“Seafarers’ claims for disability benefits should not be considered unreasonable and impelled by nothing but greed but rather, justified by their health considerations and a natural desire of every person to preserve his life for as long as possible. For being human, seafarers should not be penalized.”
Thus the Supreme Court cited in the case of United Philippine Lines Inc. v. Beseril (GR 165934, April 12, 2006) in relation to a case filed by a seafarer who suffered a heart illness while on board the vessel.
The same rationale should be considered by our lawmakers in the pending Magna Carta for Seafarers, which must give more protection to seafarers, rather than limiting their rights.

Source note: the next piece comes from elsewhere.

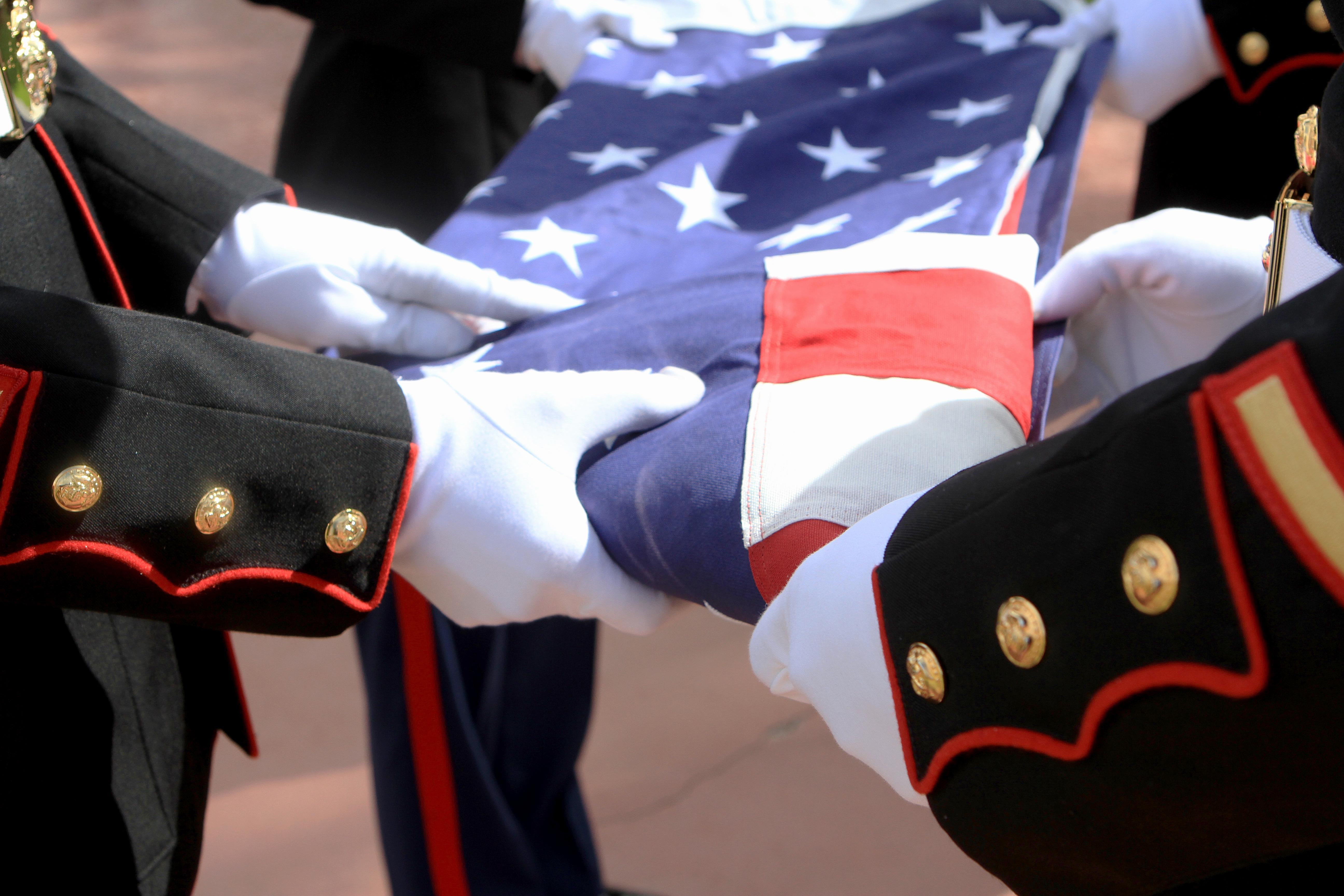 Folding american 2025 flag at funeral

In a forum organized by the Concerned Seafarers of the Philippines, Gabriela Women’s Partylist representative Arlene Brosas underscored the danger of the inclusion of the escrow provision on the proposed Magna Carta, which is unconstitutional and anti-labor.

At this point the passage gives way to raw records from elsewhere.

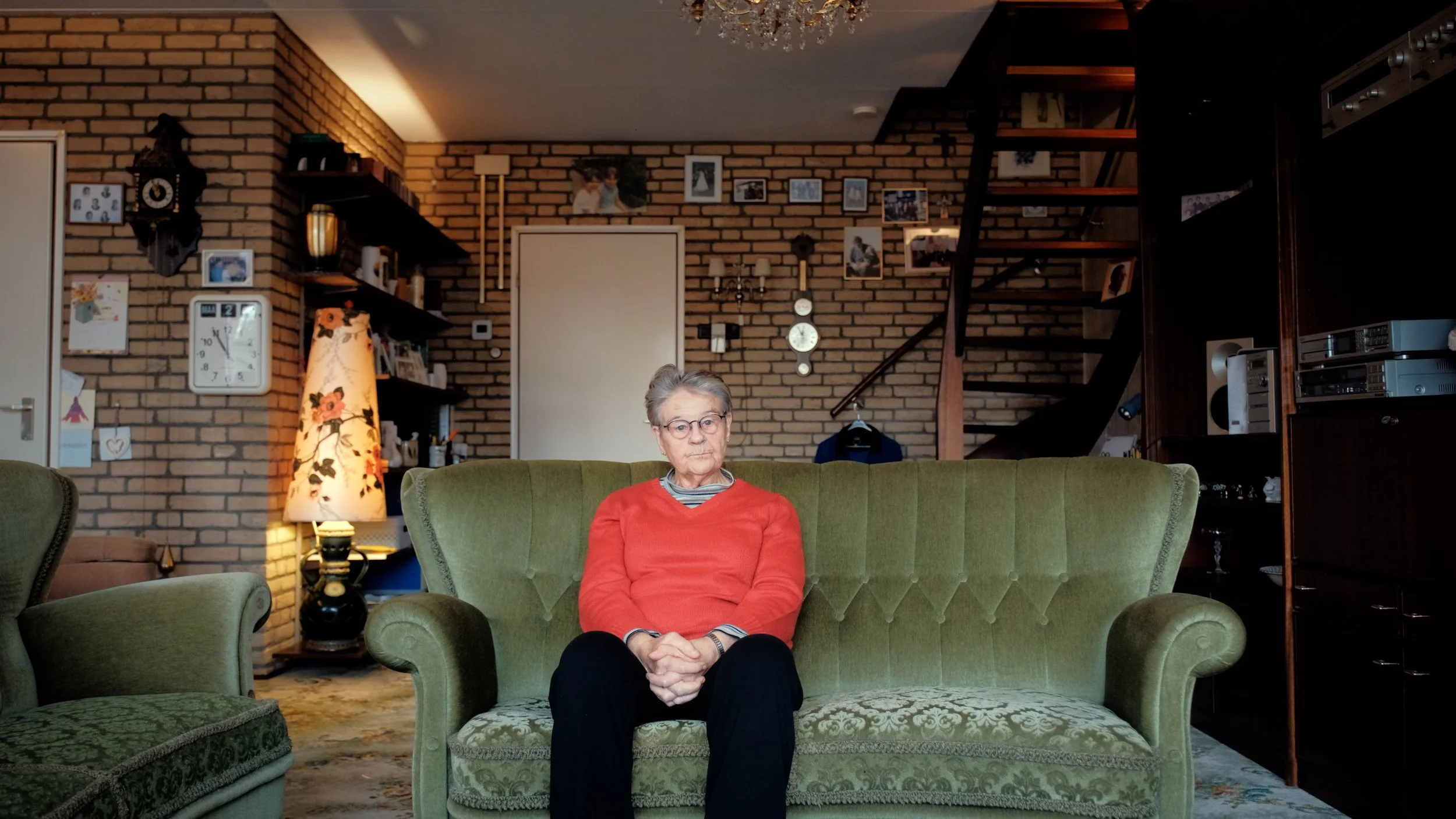 Een oudere vrouw zit op een groene bank in een woonkamertje met bakstenen muren, omringd door meubels en decoraties. Ze kijkt recht vooruit met een neutrale uitdrukking.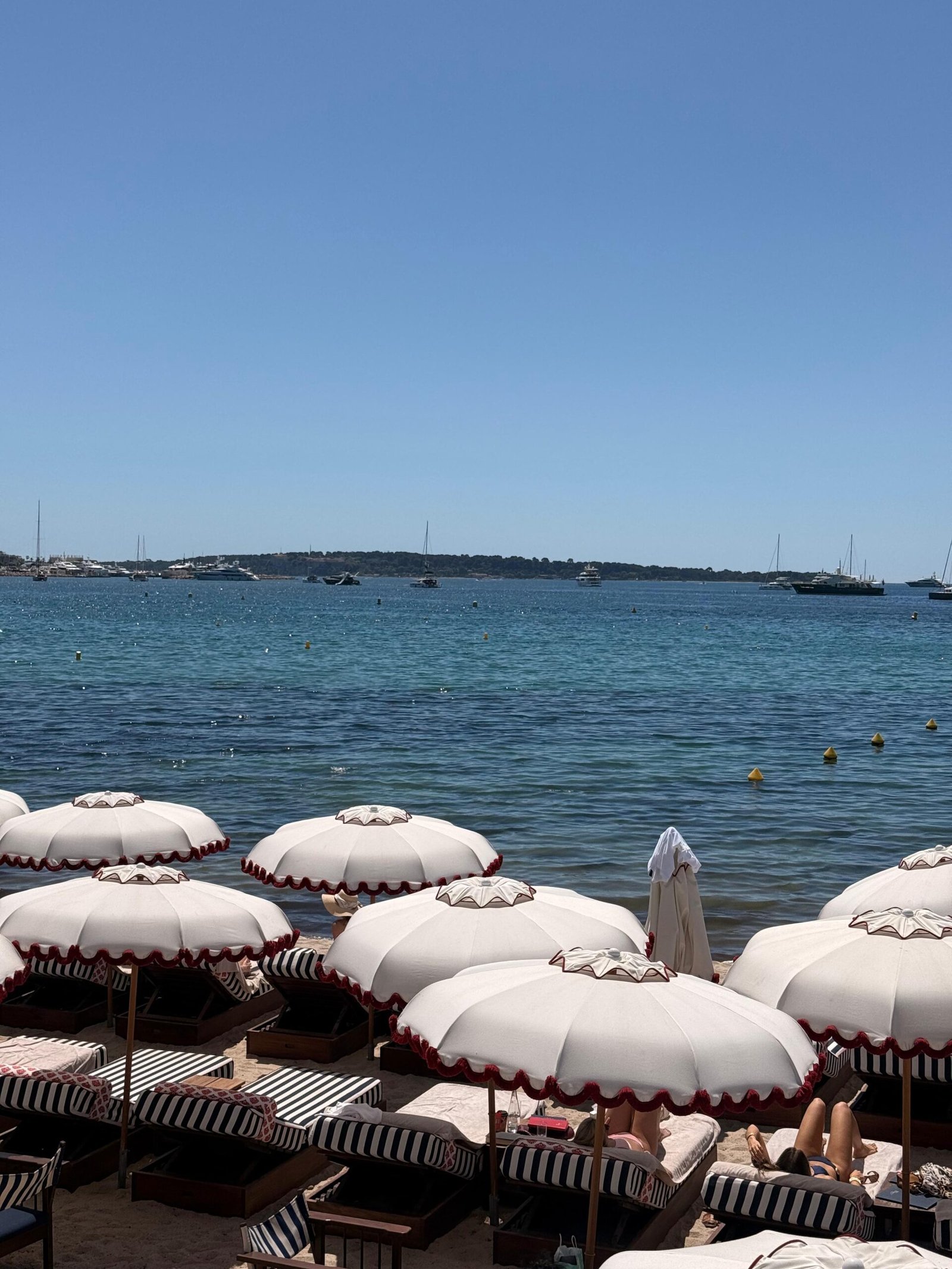 Guarda-sóis brancos na praia em frente ao mar em Cannes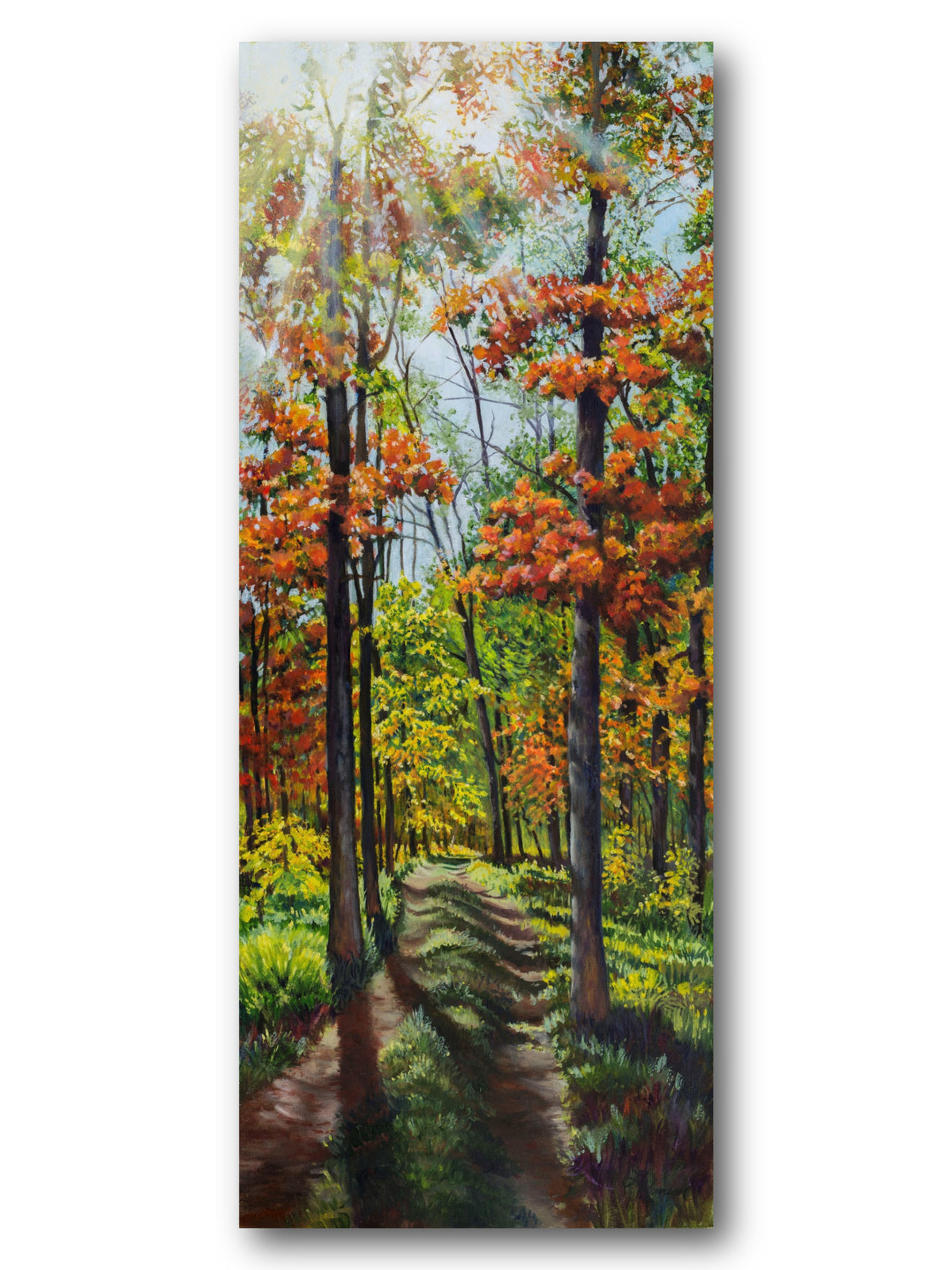 A vertical canvas painting of a forest path lined with trees in autumn colors, featuring green, yellow, orange, and red foliage, shown against a plain white background.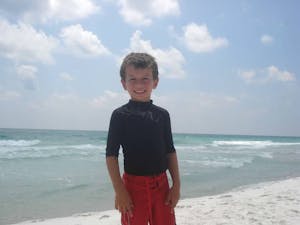 Boy wearing a black rash guard with red shorts hanging out on the pristene white sugary sand on Pensacola Beach.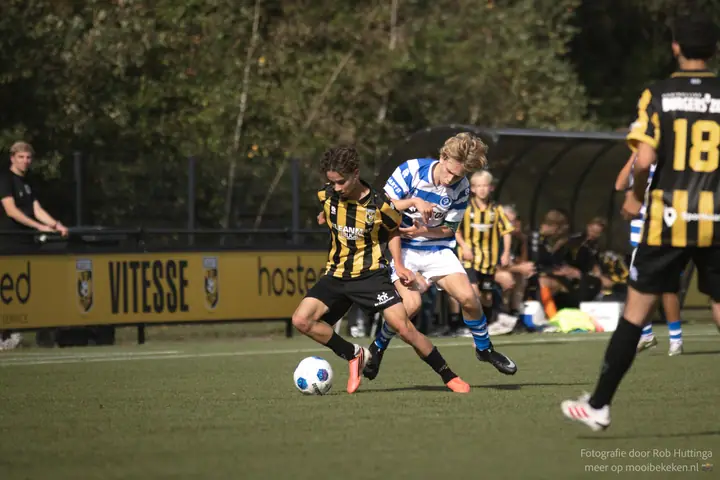 Fysiek duel om de bal met een Vitesse-speler, voor de reclameborden langs het veld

With 304 affirmative votes, the House approved the Magna Carta bill on March 6, 2022 where only four House members voted no, including Brosas, who authored one of the unconsolidated initial versions of the bill.
The employers and manning agencies proposed the provision, which in essence aimed to amend the Labor Code that will have significant impact on the “immediately final and executory” nature of decisions issued by National Labor Relations Commission (NLRC) and the National Conciliation and Mediation Board (NCMB).
They stressed that such move is necessary to ensure the restitution of monetary awards in case the appropriate appellate court annuls or partially or totally reverses the monetary judgment award.
The proceeds shall remain in escrow until such time the finality of the decision issued by the appropriate appellate court is obtained.
The amount in escrow shall not include claims for salaries, statutory monetary benefits, or those originally determined by the employer or manning agency to be legally due to the seafarer.
They proposed the provision while misleadingly blaming the dwindling numbers of deployed seafarers on the increasing number of litigated cases involving monetary claims for disability and death benefits.
Described as “ambulance chasers,” they have deliberately and sweepingly depicted seafarers’ lawyers as “unscrupulous” in an attempt to deflect the real issues why cases are being filed. They criticized most lawyers who go to lengths to push seafarers to file labor cases against their foreign employers.
They consistently used the phrase “balancing the interest of the seafarer and the company” on the premise that their proposals will ensure employment of Filipinos on board foreign ocean-going vessels.
“Aanhin pa ang damo kung patay na ang kabayo? This provision is cruel because (seafarers) don’t have the money to handle appeals from capitalists in the Court of Appeals or the Supreme Court. We should not burden maritime workers with wrong decisions by the NLRC,” Brosas said.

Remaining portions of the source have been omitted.